I was one click away from Twitter account annihilation, but many clicks away from the start of my journey. What had driven me to this point? Many years ago, I successfully banished work (especially work email) from my home life.1 The trouble was that when work email had departed, Twitter came flying in on its wake. It became too easy on a day off to search Twitter for the latest advances in #fallsprevention or #delirium, or to scroll mindlessly through my ‘feed’, and realise 2 hours later that I had not achieved anything! I had simply replaced one addiction with another.

An early catalyst for change was using Twitter so much on my journey home after a conference-fuelled Twitter binge that I vomited on the train. I took a step-wise approach. First I turned off notifications. Then I removed the app from my mobile, and then my tablet. Next I only used the webpage at conferences or if I had something to promote. The result? – I was distracted at conferences and missed the richness of content, and I became a self-centred, self-promotional twit. Until this point I was entirely self-taught. I had written about ‘digital distractions’1 and ‘electronic abstinence’1 but I am not a technophobe – honest! I am fairly nifty with spreadsheets and I completed my electronic job plan without attending the 3-hour training course.

Ironically, when shopping online using a well-known app, I received a recommendation for the book Digital Minimalism by Dr Cal Newport.2 Newport, a computer scientist and associate professor is definitely not a technophobe and he has never owned a social media account! My own approach to electronic abstinence1 had given me plenty of time and so I read and followed Newport’s advice – a 30-day ‘digital declutter’.2 I had previously enforced a self-directed 40-day abstinence from working at home,1 but now I would be tackling all digital distractions – including Strava! Under Newport’s instruction,2 I did not ‘tweet’ about plans to deactivate my account – there was no farewell. Decision made, and then ‘click’! The deactivation process was initiated. If I could avoid logging in for the next 30 days then my account, and everything I had ever tweeted, would disappear forever.

That was 2 months ago, and none of my ‘followers’ have seemed to notice or mourn my absence – maybe they are too busy ‘tweeting’. I will admit to feeling rather smug to be Twitter-less when I heard that the CEO and co-founder of Twitter, Jack Dorsey, had had his own Twitter account hacked.3

There are many good reasons to use social media, for example to connect with support groups, but there are risks. I have found that the reasons we use social media are inextricably linked to its harms.


We are never bored – we always have a phone at our fingertips.4 When you walk along the street or work corridor, what proportion of people you pass are looking down at a screen? We have forgotten how to entertain ourselves.

Embrace boredom! Boredom is a great way to generate ideas and inspiration.4 Enjoy watching the world. Or carry a notebook and pen, book or magazine with you and reach for that instead of your phone.


Once home after a busy day at work, all we want to do is switch off and relax. Trouble is, instead of switching off – we switch on. The cycle of email, Facebook, Twitter, repeat... That is not proper relaxation – such a cycle has left me feeling dissatisfied, inadequate and unfulfilled.

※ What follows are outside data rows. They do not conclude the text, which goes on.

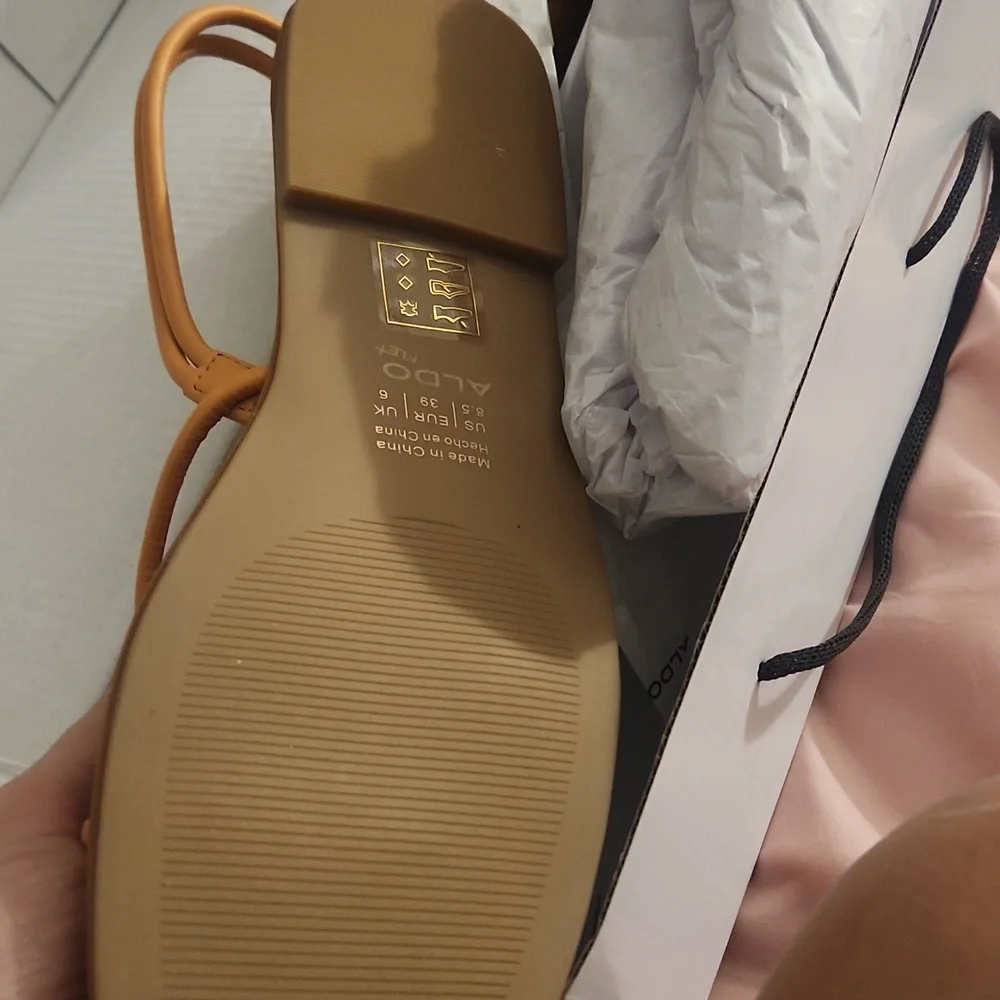 Aldo sandals - Picture 2 of 3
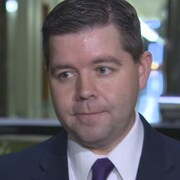 Jeremy Harrison répond aux questions du journaliste.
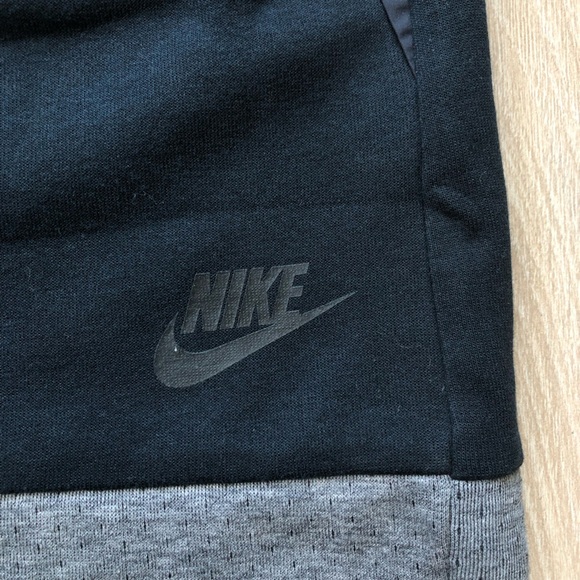 Nike Tech Zipper Slit Midi Pencil Skirt in Black & Gray Women’s Size Small - Picture 3 of 11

Try a walk – and leave your phone at home. I have begun to wonder whether a significant benefit of a yoga class is keeping your mobile phone on silent and out of reach for an hour. Try leaving your phone in your bag or in another room, and keep your phone out of your bedroom overnight – except when on-call!

Time management

Digital mobile devices are designed to save us time – internet banking is quicker than travelling to the bank. But how many times have you unlocked your phone for a task such as paying a bill and then after an hour of swiping, texting and using social media, you realise that you still have not paid the bill?! After I wrote my last article on work–life balance,5 I tweeted about it (cue self-promotional twit). Someone replied: ‘too much to do and not enough hours. I’ve really messed up my time management’. It got me thinking... How much time had that individual spent on Twitter that day? What were the notification settings?

Check your screen usage and how many times you unlock your phone in a day. Try turning off notifications and set structured times for checking apps and email.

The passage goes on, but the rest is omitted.